According to Karnataka’s Economic Survey 2019-2020, water-pumping through irrigation pumpsets accounted for the highest share of electricity consumed in the state, at 36.76 per cent.
Estimates shared by the state energy department with ThePrint show that the state has 31,46,713 regularised irrigation pump sets, while 95,639 are unauthorised or yet to be regularised.
Power supply for IP sets was made free with effect from 01.08.2008, the economic survey states.
The energy department provides between four and eight hours of free electricity daily for all IP sets. The estimated cost of providing free electricity to these IP sets is projected at Rs 11,370 crore for 2021-2022, according to data shared by the minister’s office.
The scheme cost the exchequer Rs 11,250 crore in 2020-2021, and Rs 11,245 crore in 2019-2020.
Demand for more connections and an increased number of supply hours are filed with the energy department each day, the minister said, adding that the department is looking to set up 60 substations that can provide seven hours of electricity.
“The electricity that is being provided free of cost to farmers is increasing the debt of ESCOMS (district electricity supply companies). The debt affects the Karnataka Power Transmission Corporation (KPTCL) next and then the Karnataka Power Corporation and eventually the government,” Sunil Kumar said.
To reduce the cost of free electricity for irrigation purposes, the Karnataka government has been pushing for solar-powered pump sets. Till November 2019, only about 3,710 solar pump sets were provided to beneficiaries. The department is looking to replace 5 lakh irrigation pump sets with solar variants, according to the economic survey.
Farmers wary of the campaign
While the campaign has been described as voluntary, the announcement has made farmers wary about its potential impact in the long run.
“We have no qualms if the entire exercise is strictly voluntary. But from our experience, the government usually starts identifying farmers with bikes, televisions, mobile phones as ‘well to do’ and forces us to give up subsidies after announcing such campaigns. We are wary about this being the first step towards withdrawing free electricity altogether,” Kurubooru Shantakumar, president of Karnataka’s Sugarcane Growers Association, told ThePrint.
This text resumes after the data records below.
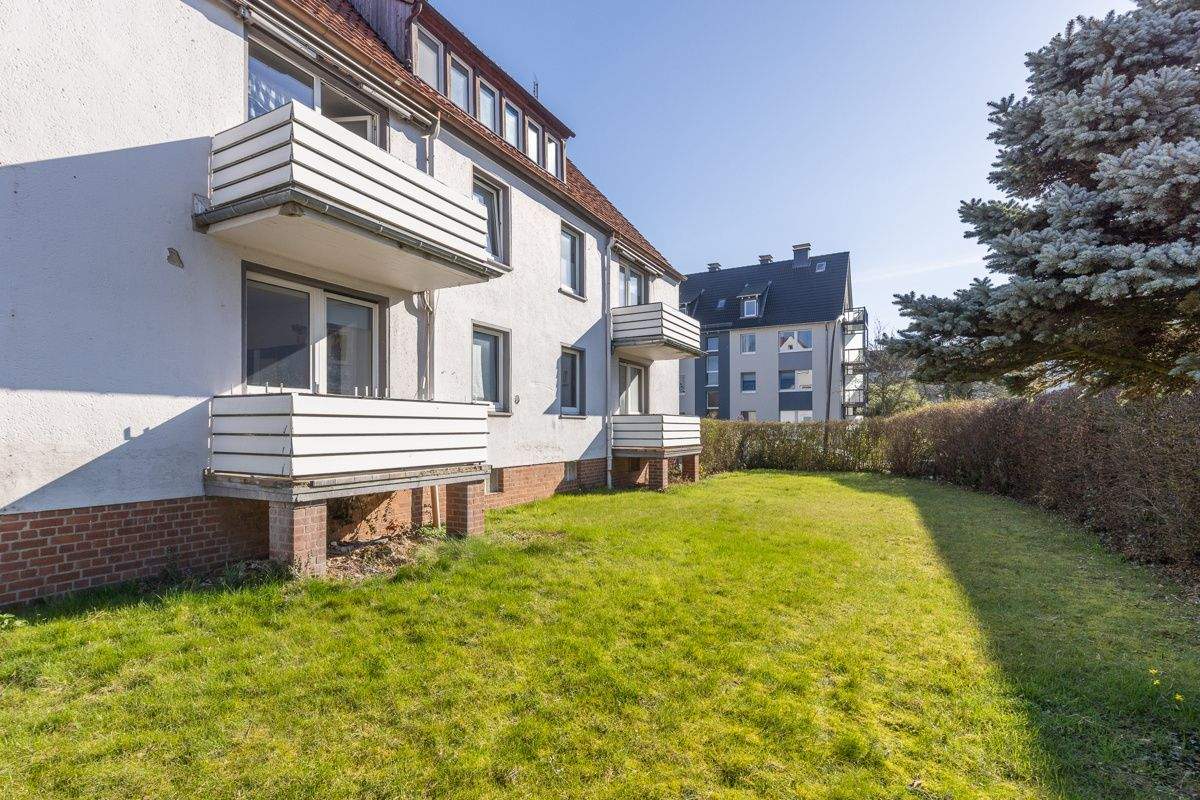 Bezugs- und Provisionsfrei | 6-Parteienhaus - Starten Sie Ihr Wohnkonzept! – Osnabrück – Vorschaubild 7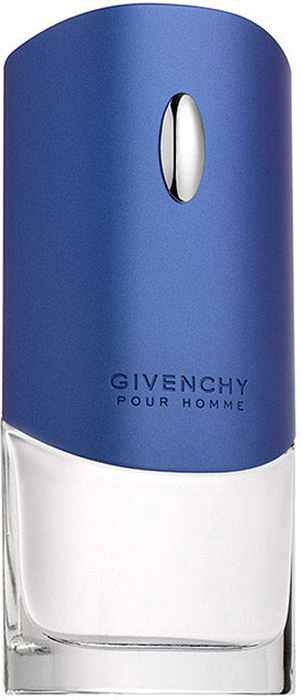Givenchy POUR HOMME BLUE LABEL Туалетная вода, мужская, 100 мл туалетная вода 75 мл ferrari туалетная вода 75 мл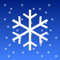 App Icon for Let it Snow - App App in Pakistan IOS App Store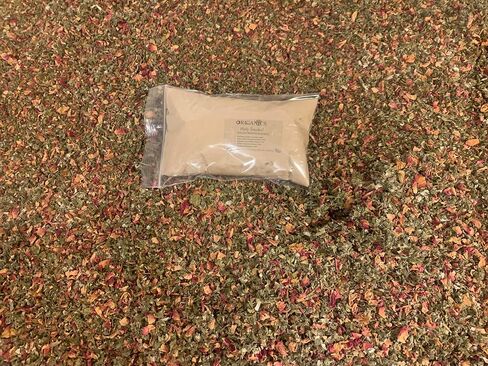 Holy Smoke! (1.41oz/40g, Loose-Leaf) Ayurvedic Herbal Smoking Blend in Saudi Arabia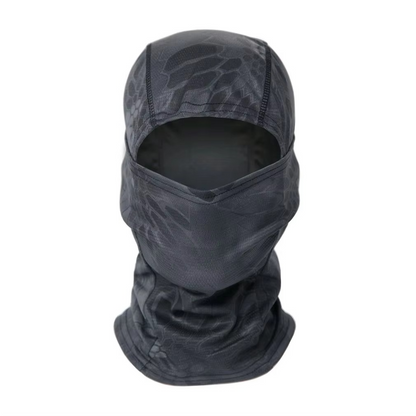 All-Weather Full Coverage Balaclava for Ultimate Comfort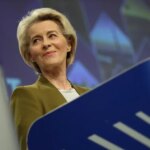 Европейский Союз выделил Украине почти 6 миллиардов евро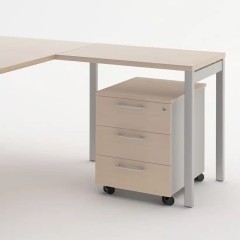Retour de bureau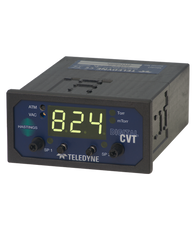 Teledyne Hastings Digital VT/CVT Vacuum Controller, 0.1 to 20 Torr, DCVT-4-01-01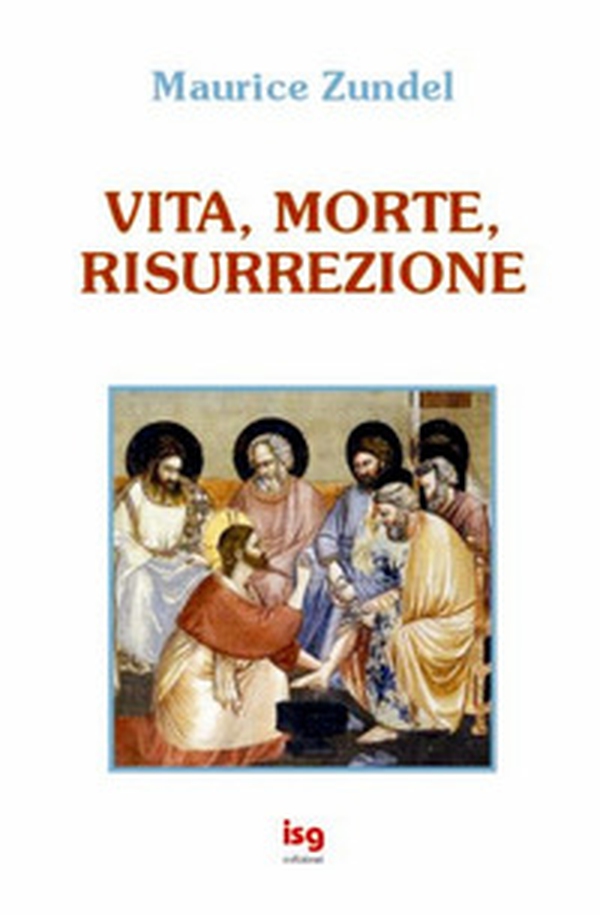 Vita, morte, risurrezione - Librerie.coop Vita, morte, risurrezione - Librerie.coop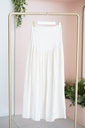 Ivory Elara Skirt 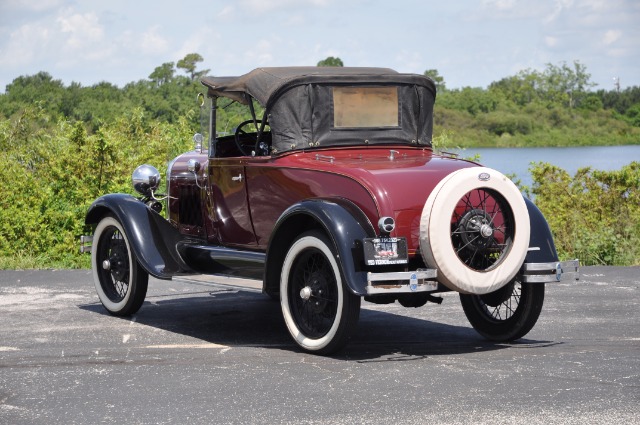 Used 1929 FORD MODEL A  | Lake Wales, FL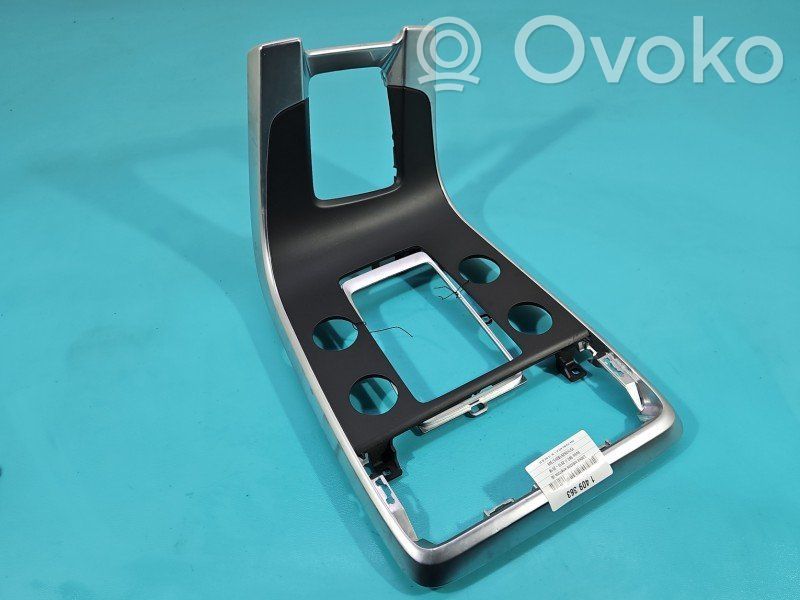 Volvo S60 Inserti decorativi cornice della consolle centrale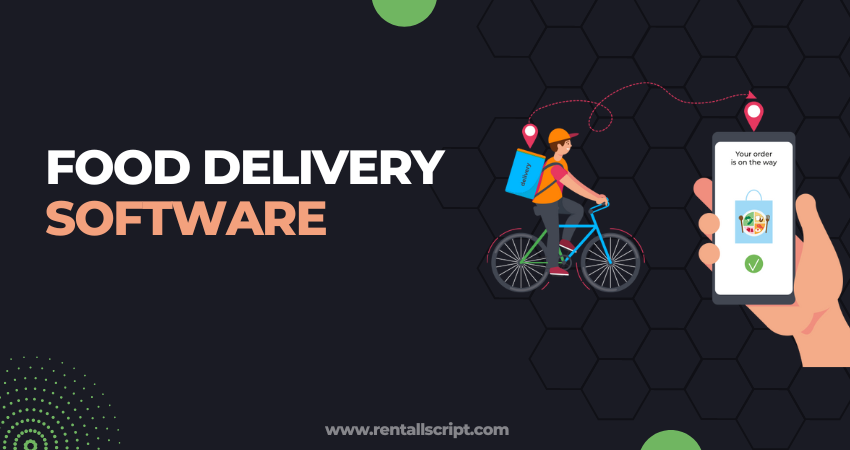 Importance of Integrating Payment and Ordering Systems with Food Delivery Software
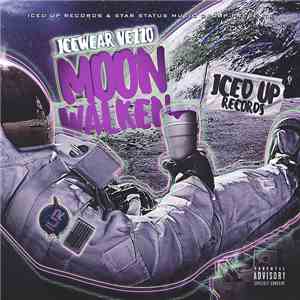 Icewear Vezzo - Moon Walken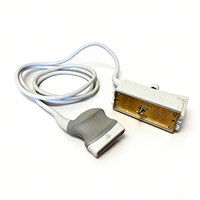 Sonde d'échographie Acuson pour Siemens P/N 18L6 HD linéaire
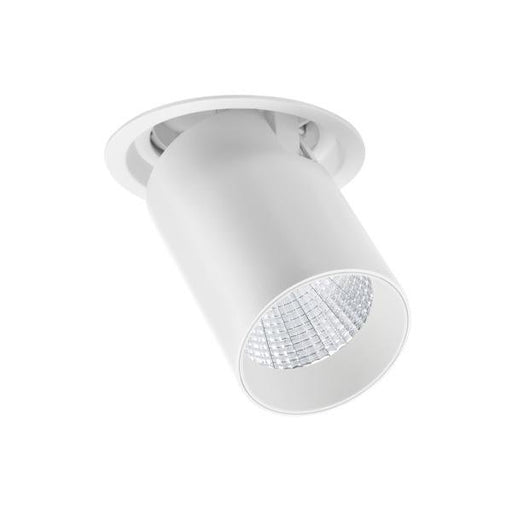 Brumberg Leuchten - Downlight/Strahler/Flutlicht LED-Einbaurichtstrahler 88764175DA 3500K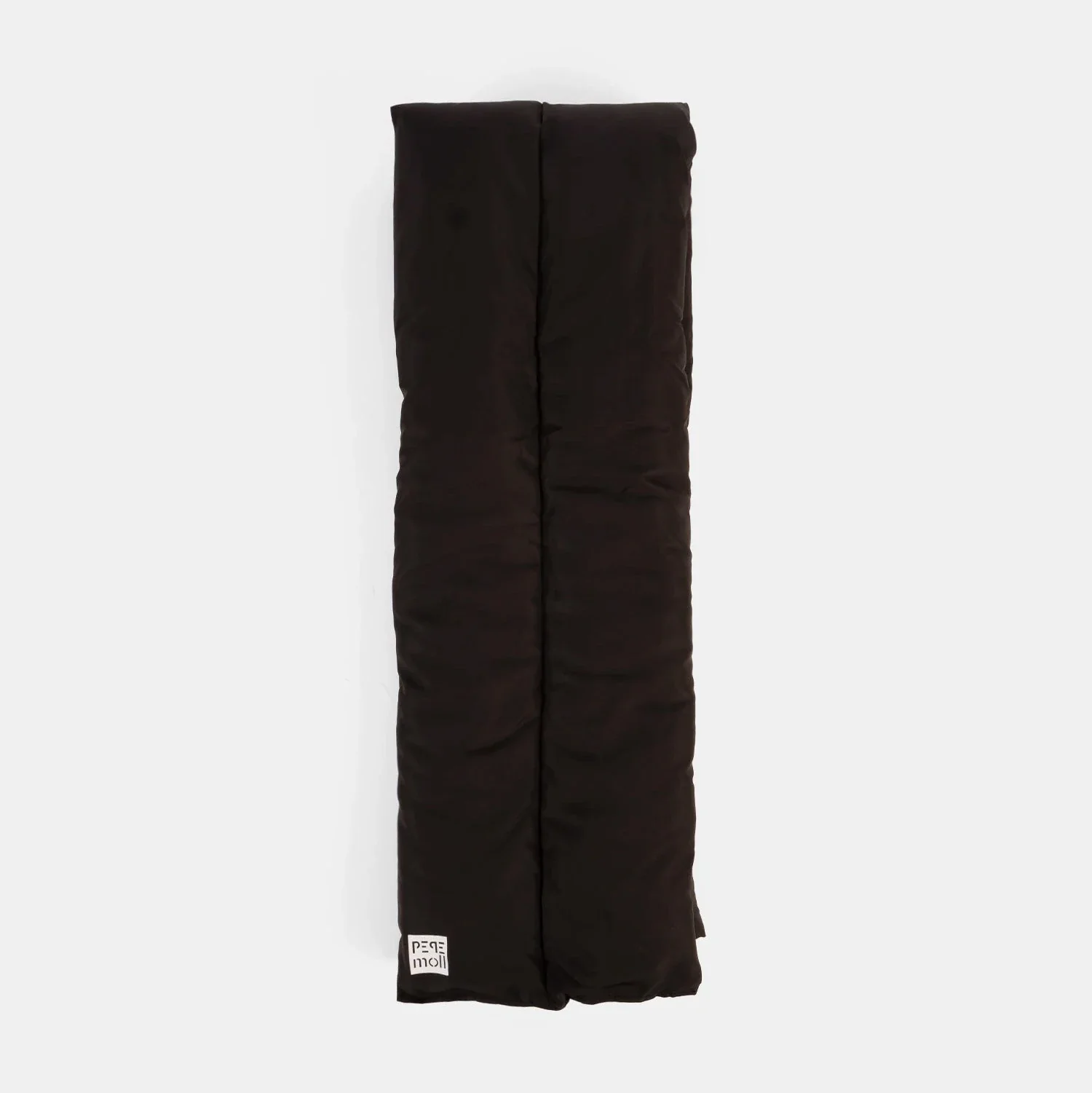 Cuello Buf Pepe Moll Negro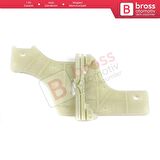 Peugeot 508 2010-On İçin Ön Sağ Cam Kriko Tamir Klipsi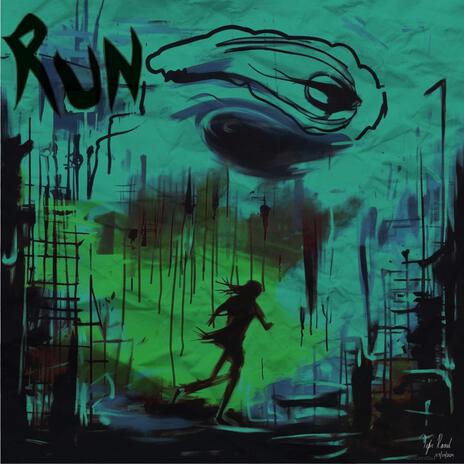 Run ft. Ren Haas | Boomplay Music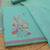 printed unstitched dress material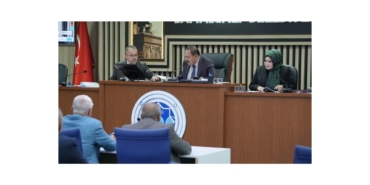 Battalgazi Meclisi, 20256 Yılı Bütçesini Kabul Etti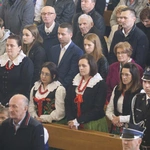 Jubileusz w Grywałdzie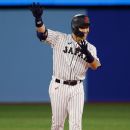 Superstar Boston Red Sox Outfielder Masataka “Macho Man” Yoshida
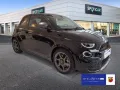 Abarth 500e 42 kWh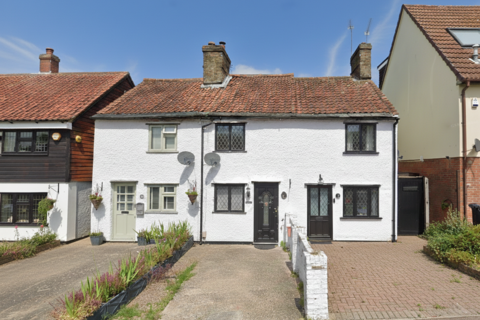 undefined, High Wych, Hertfordshire CM21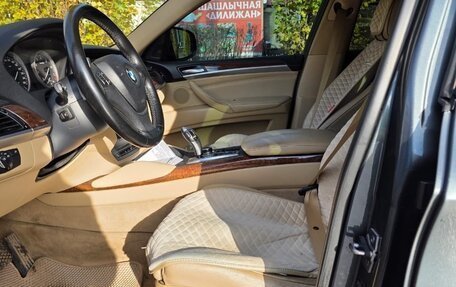 BMW X6, 2011 год, 2 050 000 рублей, 6 фотография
His worry has roots in a controversy going back to February this year, when Karnataka’s former minister for food and civil supplies Umesh Katti said BPL ration cards of those who own bikes, TVs or fridges would be cancelled. The minister withdrew his statement after severe backlash.
Shantakumar said farmers, whether marginal, small, or big, are suffering losses currently.
“We were told that giving up the LPG subsidy would also be voluntary but it has completely stopped now. Farmers are already struggling and the government should not look to burden us more,” added Ashok Meti, a farmer from Uttara Kannada who serves as organising secretary in the Sugarcane Growers Association.
The apprehension comes against the backdrop of the Union government withholding transfers of LPG subsidies to customers who have not opted to give up subsidies. “Voluntary or not, we are sceptical about such campaigns,” Meti said.
The Opposition, meanwhile, believes the campaign is ill-timed.
“This seems like an insidious move by the government to trap innocent farmers. It comes at a time when farmers are in acute distress. Cost of input — from fertilisers to seeds — has increased, cost of production has increased due to hike in fuel prices and so has the cost of transportation,” said Congress MLA Krishna Byregowda, a former agriculture minister of Karnataka.
“Why does the government want to pass on the burden to poor citizens while writing off corporate taxes and helping the super-rich?” he added.